| What needs to be done |
Your task is to copy the listing exactly, with the pictures left out.

| Source data |
# # # # # # #
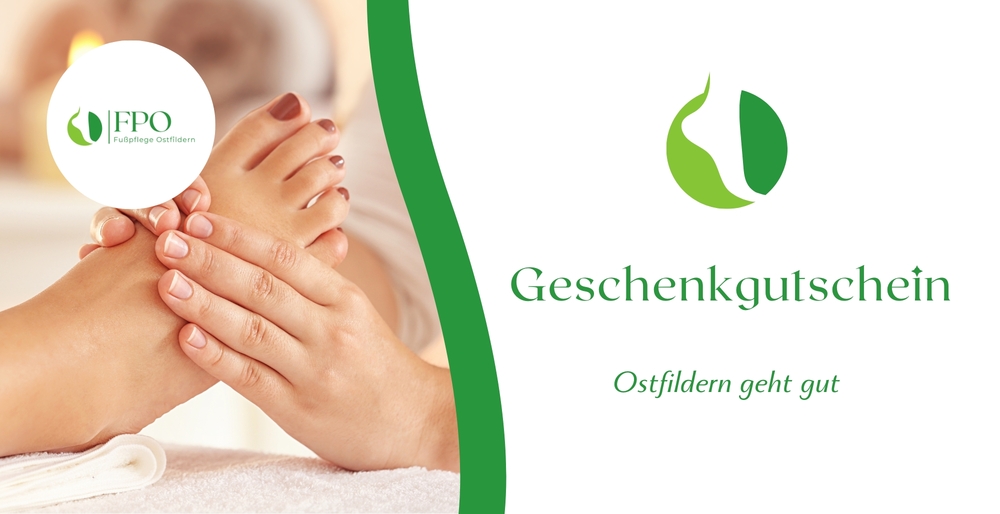 Ines Voucher (1) Fußpflege Ostfildern - Gutschein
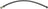 Continental 62939 HVAC Heater Hose - Heater Inlet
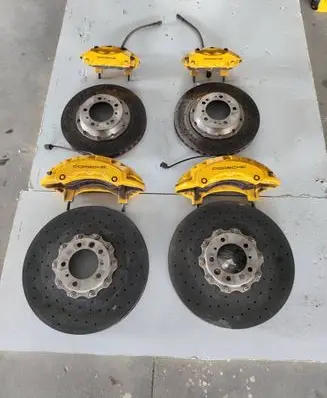 Porsche Panamera (970) Brake discs and calipers set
# # # # # # #
| Reply to the task |
 Ines Voucher (1) Fußpflege Ostfildern - Gutschein
 Continental 62939 HVAC Heater Hose - Heater Inlet
 Porsche Panamera (970) Brake discs and calipers set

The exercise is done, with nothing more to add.